[Task objective] Starting at the line that contains "2014 HONDA CIVIC LX", transcribe each line exactly through the end of the data below, and skip any pictures.

===== Available data =====

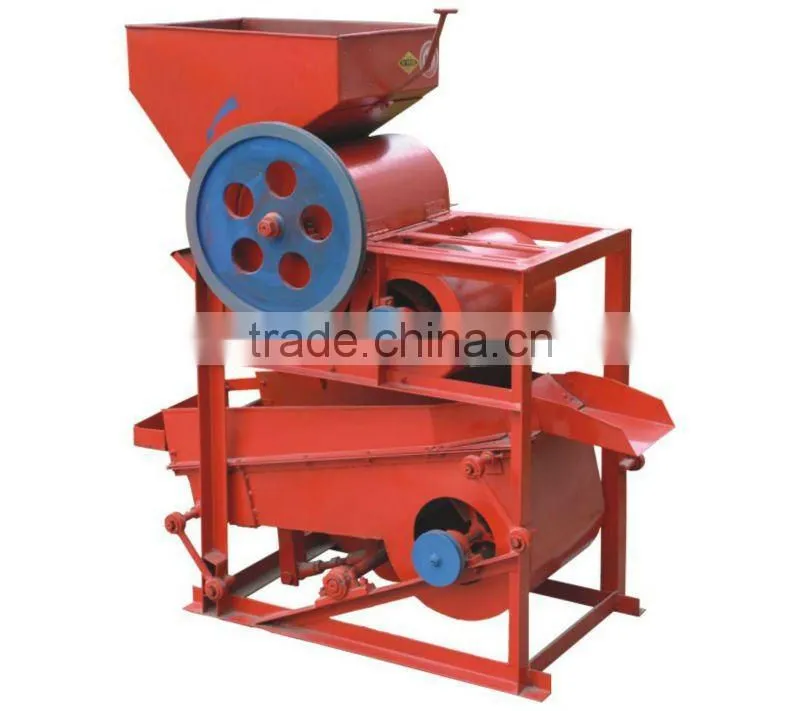 factory price high quality automatic peanut shell peeling machine/peanut cleaning sheller picker harvester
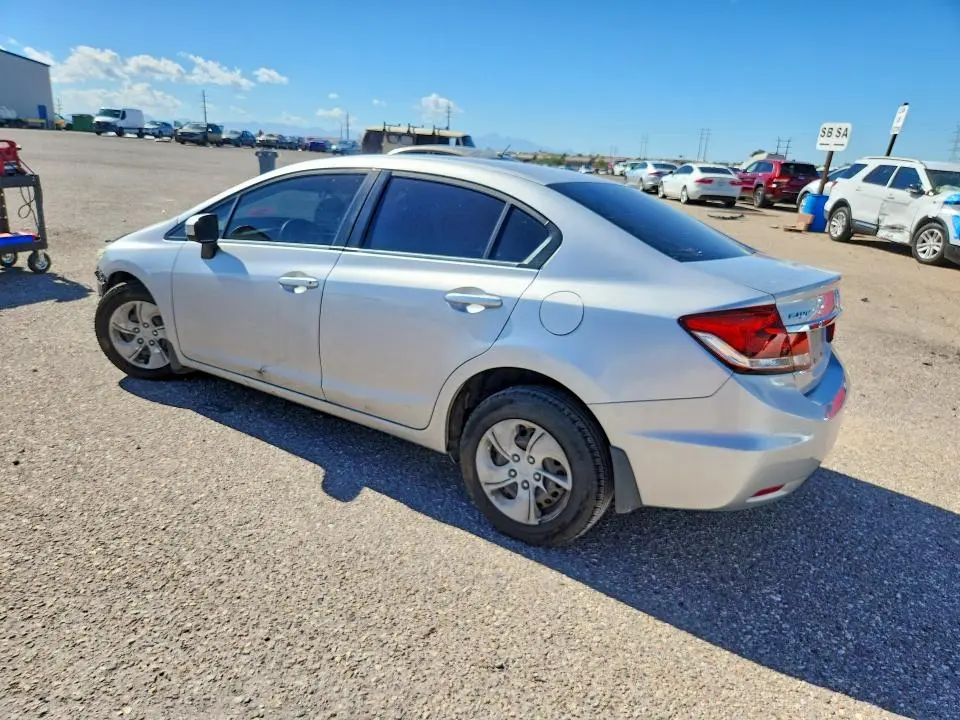 2014 HONDA CIVIC LX  
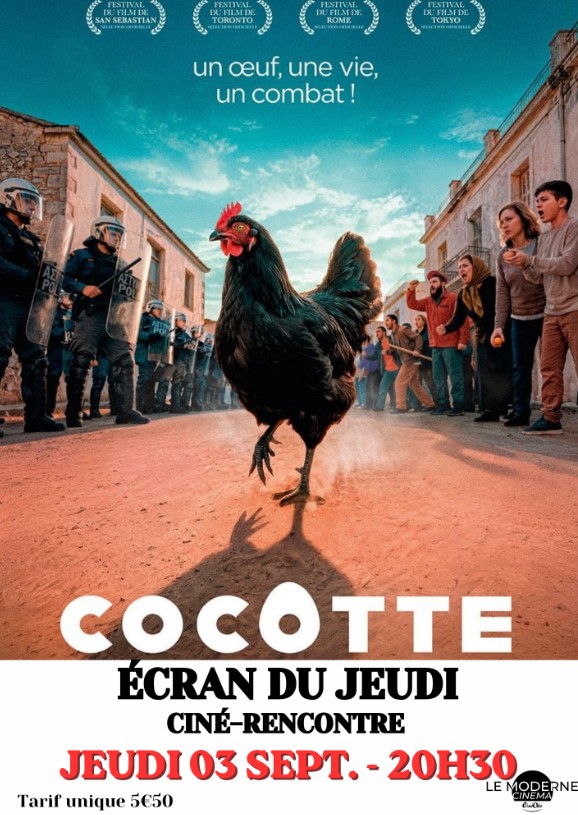 Ecran du Jeudi Cocotte  Saint-Amand-Montrond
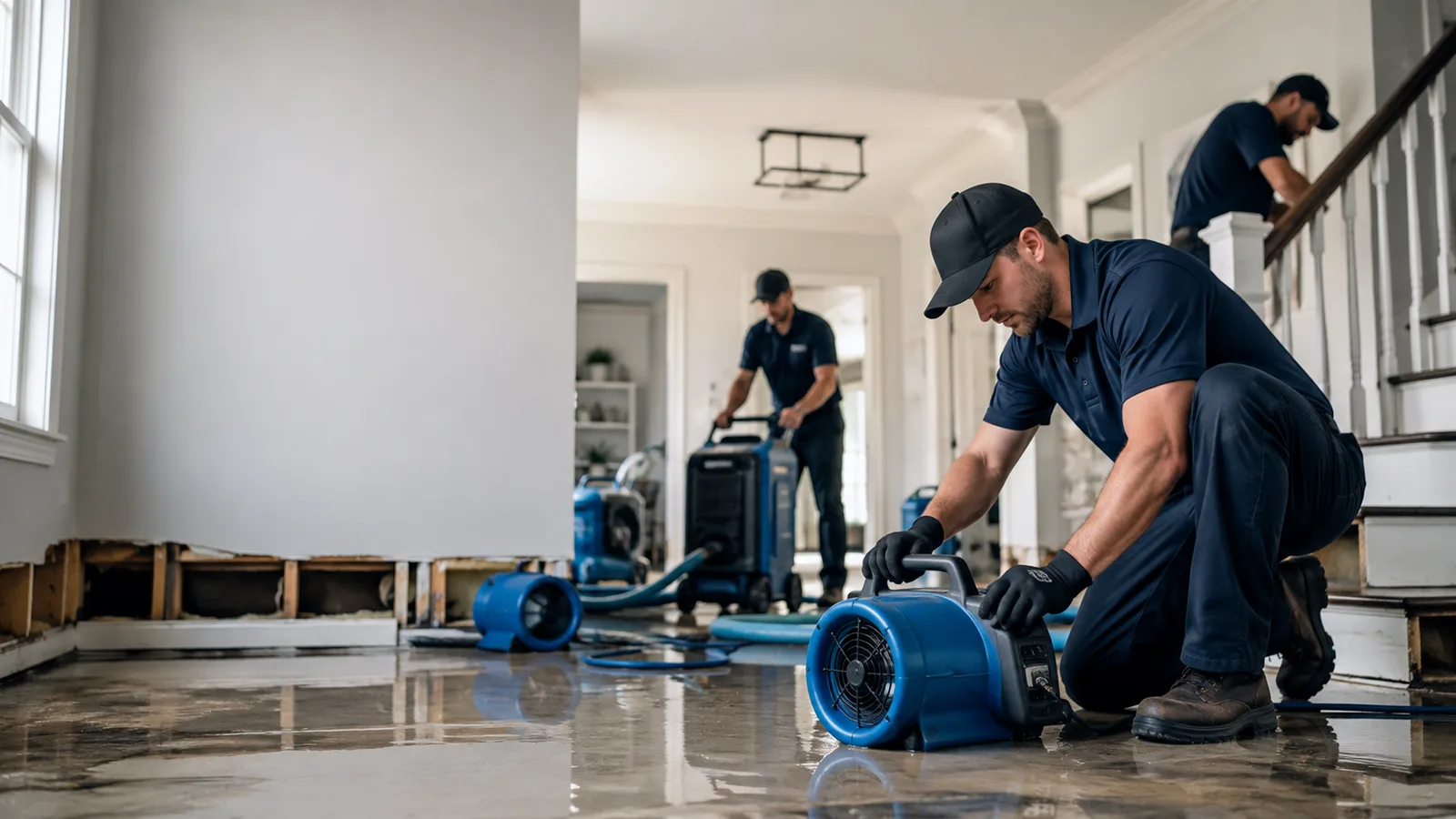 Water Damage Restoration in Hoopa, CA near me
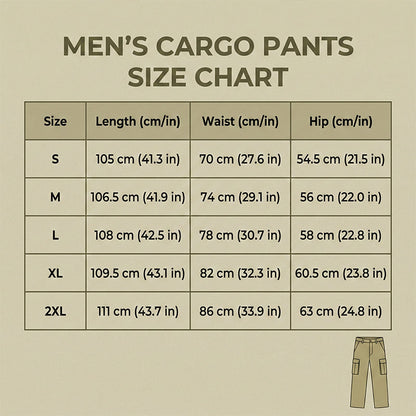 ⏰ 50% RABATT – Nur für kurze Zeit ✨Straight-Leg Cargo-Hose mit elastischem Kordelzug 🌿 Bequem & Ideal für Alltag und Outdoor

=====

[Output for this exercise]
 2014 HONDA CIVIC LX  
 Ecran du Jeudi Cocotte  Saint-Amand-Montrond
 Water Damage Restoration in Hoopa, CA near me
 ⏰ 50% RABATT – Nur für kurze Zeit ✨Straight-Leg Cargo-Hose mit elastischem Kordelzug 🌿 Bequem & Ideal für Alltag und Outdoor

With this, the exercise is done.